The OpenSimon Toolkit for Learning Engineering

Audience Level: 
All
Session Time Slot(s): 
Institutional Level: 
N/A
Abstract: 

Carnegie Mellon University provides an overview of the OpenSimon toolkit, a range of techniques, tools, content, and code supporting learning engineering.  We invite the larger educational community to use and share in this approach to improve learning outcomes for individual learners, while collectively advancing our larger understanding of human learning.

Extended Abstract: 

In May of 2019, Carnegie Mellon University launched OpenSimon – a learning engineering community working to improve learning outcomes for individual learners while collectively advancing our larger understanding of human learning.  Central to this effort is the release of the OpenSimon Toolkit.  This suite of tools, educational resources and underlying codebase includes many of the instruments that Carnegie Mellon’s learning scientists invented for their own research and are being used to improve the quality of courses taught in CMU classrooms today.  Altogether, this collection represents more than $100 million in research and development effort.

The larger vision behind OpenSimon is a more integrated and easier-to-use toolkit, used and expanded by a larger community of educators, to drive deliberate, iterative improvements in education. This approach supports educators as citizen scientists and helps people who support them—whether they work in universities or at companies that make educational products— and can provide support that is grounded in the science of learning. This work seeks to improve learning outcomes for individual learners while collectively advancing our larger understanding of human learning.

The OpenSimon toolkit includes a wide range of techniques, tools, content and code, some of which can be useful to classroom educators who want to find out which teaching techniques or content is most effective, instructional designers who want insight into the specific content and design choices, administrators looking to showcase the efficacy of their programs, and others that will be useful to researchers and educational technology product designers. The OpenSimon toolkit includes educational data warehousing and analysis tools, intelligent tutor authoring, platforms for designing, improving and delivering open courseware, a collaborative research platform with advanced learning analytics support, education-specific chatbot frameworks, and discourse analysis software, machine learning components, causal modeling instruments, and proven educational content.

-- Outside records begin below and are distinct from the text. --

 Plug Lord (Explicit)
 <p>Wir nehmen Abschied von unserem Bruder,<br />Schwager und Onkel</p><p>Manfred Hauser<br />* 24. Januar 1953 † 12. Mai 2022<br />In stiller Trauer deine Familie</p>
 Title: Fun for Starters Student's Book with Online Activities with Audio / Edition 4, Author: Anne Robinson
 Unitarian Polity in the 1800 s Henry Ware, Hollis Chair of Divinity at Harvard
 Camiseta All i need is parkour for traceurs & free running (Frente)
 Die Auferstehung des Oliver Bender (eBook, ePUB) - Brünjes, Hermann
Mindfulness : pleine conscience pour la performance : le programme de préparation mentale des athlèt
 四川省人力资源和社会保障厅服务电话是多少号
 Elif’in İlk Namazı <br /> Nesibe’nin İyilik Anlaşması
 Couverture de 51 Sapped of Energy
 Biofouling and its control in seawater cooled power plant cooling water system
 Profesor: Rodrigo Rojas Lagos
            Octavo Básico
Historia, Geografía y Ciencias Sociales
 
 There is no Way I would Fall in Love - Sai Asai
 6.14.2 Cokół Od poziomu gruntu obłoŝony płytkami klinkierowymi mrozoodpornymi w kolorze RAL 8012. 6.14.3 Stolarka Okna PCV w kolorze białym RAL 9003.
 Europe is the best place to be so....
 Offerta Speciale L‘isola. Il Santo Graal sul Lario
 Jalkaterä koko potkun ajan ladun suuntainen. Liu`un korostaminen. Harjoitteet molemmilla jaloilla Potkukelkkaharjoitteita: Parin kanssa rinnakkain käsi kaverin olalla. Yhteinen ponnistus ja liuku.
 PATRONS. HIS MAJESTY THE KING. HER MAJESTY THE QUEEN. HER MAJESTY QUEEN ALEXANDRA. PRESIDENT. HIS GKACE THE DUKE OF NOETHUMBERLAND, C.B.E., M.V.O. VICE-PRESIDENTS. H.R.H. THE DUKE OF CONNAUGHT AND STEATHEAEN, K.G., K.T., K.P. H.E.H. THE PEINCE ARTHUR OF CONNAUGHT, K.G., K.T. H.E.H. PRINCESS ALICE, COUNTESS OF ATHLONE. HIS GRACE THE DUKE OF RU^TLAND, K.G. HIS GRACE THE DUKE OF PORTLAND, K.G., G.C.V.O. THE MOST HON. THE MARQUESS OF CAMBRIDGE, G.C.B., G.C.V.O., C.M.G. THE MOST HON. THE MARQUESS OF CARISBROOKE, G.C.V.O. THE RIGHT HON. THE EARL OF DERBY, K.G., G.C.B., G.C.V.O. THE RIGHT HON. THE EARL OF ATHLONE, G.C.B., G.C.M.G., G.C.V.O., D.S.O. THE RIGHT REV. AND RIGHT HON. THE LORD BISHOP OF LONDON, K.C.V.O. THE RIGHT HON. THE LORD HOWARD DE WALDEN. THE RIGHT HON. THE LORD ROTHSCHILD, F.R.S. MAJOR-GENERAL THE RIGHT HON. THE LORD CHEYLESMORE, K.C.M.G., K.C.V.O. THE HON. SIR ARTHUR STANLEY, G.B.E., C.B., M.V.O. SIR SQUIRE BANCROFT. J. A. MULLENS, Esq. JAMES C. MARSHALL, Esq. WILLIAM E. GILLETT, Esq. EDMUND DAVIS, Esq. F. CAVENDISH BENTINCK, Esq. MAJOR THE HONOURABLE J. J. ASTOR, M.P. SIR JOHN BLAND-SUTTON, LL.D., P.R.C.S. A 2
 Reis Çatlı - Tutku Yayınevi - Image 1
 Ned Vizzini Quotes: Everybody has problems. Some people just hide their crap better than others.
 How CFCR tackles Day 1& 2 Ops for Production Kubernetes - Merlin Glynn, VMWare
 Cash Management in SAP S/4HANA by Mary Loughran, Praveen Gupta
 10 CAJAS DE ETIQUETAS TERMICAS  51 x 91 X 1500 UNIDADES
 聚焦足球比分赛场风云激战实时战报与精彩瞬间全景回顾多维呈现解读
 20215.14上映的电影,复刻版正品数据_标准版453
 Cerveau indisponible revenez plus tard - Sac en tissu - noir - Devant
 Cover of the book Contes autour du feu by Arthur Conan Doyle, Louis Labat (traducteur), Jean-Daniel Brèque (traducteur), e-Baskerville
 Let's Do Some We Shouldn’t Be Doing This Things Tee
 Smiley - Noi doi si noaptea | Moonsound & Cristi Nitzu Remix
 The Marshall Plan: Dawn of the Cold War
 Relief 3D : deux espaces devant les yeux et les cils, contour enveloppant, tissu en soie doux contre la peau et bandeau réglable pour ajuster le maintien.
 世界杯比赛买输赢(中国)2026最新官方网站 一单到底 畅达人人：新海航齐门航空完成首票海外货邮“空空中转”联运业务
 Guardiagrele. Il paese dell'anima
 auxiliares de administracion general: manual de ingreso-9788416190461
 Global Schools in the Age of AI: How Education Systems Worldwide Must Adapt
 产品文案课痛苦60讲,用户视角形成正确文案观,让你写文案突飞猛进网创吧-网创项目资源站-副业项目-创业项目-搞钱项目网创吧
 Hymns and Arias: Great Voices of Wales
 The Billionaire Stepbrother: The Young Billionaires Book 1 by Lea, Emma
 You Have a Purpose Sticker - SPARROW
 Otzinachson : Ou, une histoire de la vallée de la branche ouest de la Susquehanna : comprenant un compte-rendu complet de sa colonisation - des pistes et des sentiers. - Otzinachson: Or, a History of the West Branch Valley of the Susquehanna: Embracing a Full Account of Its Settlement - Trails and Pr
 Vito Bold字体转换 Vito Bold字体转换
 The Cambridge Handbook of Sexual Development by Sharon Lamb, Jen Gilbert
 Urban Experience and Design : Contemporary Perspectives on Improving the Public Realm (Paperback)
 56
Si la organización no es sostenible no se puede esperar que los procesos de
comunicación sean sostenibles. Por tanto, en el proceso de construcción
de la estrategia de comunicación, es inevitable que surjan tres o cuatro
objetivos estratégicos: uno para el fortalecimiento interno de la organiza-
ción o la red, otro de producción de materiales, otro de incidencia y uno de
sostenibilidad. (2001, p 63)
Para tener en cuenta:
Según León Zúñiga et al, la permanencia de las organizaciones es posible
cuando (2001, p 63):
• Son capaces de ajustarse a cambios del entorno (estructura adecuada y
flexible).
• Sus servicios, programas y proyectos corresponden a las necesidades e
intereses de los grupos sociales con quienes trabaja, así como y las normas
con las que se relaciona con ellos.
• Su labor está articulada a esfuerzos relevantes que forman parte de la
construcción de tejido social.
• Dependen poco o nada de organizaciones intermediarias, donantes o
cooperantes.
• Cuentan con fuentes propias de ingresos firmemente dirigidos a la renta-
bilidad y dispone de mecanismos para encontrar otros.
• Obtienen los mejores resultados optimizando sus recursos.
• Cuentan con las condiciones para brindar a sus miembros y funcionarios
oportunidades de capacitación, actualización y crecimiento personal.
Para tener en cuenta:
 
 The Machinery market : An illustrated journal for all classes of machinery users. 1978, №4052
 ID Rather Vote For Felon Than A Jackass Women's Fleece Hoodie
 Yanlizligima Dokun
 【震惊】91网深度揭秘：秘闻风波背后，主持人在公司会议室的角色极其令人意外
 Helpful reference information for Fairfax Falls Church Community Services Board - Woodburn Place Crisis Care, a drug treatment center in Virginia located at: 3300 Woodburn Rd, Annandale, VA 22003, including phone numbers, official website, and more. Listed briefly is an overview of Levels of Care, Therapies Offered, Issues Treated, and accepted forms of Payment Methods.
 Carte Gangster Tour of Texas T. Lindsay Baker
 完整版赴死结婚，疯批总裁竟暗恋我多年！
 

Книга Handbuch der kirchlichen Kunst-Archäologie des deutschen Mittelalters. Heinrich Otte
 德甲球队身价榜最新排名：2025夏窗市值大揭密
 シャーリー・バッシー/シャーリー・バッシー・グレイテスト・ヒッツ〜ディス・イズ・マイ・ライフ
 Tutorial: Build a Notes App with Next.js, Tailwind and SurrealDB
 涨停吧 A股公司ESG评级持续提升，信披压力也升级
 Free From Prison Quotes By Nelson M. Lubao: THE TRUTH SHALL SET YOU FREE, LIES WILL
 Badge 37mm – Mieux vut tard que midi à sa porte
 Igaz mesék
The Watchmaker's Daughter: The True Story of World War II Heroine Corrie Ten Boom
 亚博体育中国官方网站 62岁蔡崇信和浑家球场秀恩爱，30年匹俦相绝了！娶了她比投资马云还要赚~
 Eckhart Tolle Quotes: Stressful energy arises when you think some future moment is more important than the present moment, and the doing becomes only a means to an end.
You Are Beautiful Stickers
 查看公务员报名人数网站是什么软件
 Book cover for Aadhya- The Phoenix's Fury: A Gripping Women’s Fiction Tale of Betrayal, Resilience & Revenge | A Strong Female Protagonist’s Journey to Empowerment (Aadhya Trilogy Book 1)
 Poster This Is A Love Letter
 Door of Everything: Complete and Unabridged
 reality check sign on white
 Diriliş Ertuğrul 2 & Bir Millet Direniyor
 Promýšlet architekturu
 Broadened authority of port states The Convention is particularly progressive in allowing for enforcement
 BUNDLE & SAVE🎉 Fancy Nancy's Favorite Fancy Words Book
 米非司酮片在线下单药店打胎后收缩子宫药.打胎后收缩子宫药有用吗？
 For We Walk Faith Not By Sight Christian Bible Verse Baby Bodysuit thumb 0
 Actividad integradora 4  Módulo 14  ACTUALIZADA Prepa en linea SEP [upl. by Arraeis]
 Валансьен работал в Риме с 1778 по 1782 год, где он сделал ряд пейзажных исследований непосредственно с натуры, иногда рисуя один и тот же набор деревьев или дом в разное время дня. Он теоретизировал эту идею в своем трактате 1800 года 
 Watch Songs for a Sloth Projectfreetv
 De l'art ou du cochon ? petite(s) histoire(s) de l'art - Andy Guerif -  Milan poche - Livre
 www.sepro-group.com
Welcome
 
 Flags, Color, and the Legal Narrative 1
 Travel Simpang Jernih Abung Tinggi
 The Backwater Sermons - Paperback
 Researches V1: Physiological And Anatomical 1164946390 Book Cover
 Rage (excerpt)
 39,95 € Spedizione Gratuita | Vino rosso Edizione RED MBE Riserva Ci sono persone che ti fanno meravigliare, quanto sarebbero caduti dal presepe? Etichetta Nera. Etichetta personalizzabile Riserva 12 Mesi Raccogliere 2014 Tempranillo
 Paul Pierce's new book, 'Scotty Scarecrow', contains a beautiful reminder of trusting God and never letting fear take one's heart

The toolkit is openly available, with individual components being released under open source licenses. Specific components included to date are: DataShop, LearnSphere, Discourse DB, DANCE, Bazaar, Project Listen, Robotutor, Cognitive Tutor Authoring Toolkit (CTAT), Open Learning Initiative (OLI) Platform, Echo: OLI Course Authoring, TETRAD, Social Recommender, the Lightside Workbench and ChemCollective.   Also included are sets of libraries and functionality to better combine this diverse set of resources and facilitate the integration of new tools and approaches moving forward.  Additional releases will continue as new tools and offerings come about.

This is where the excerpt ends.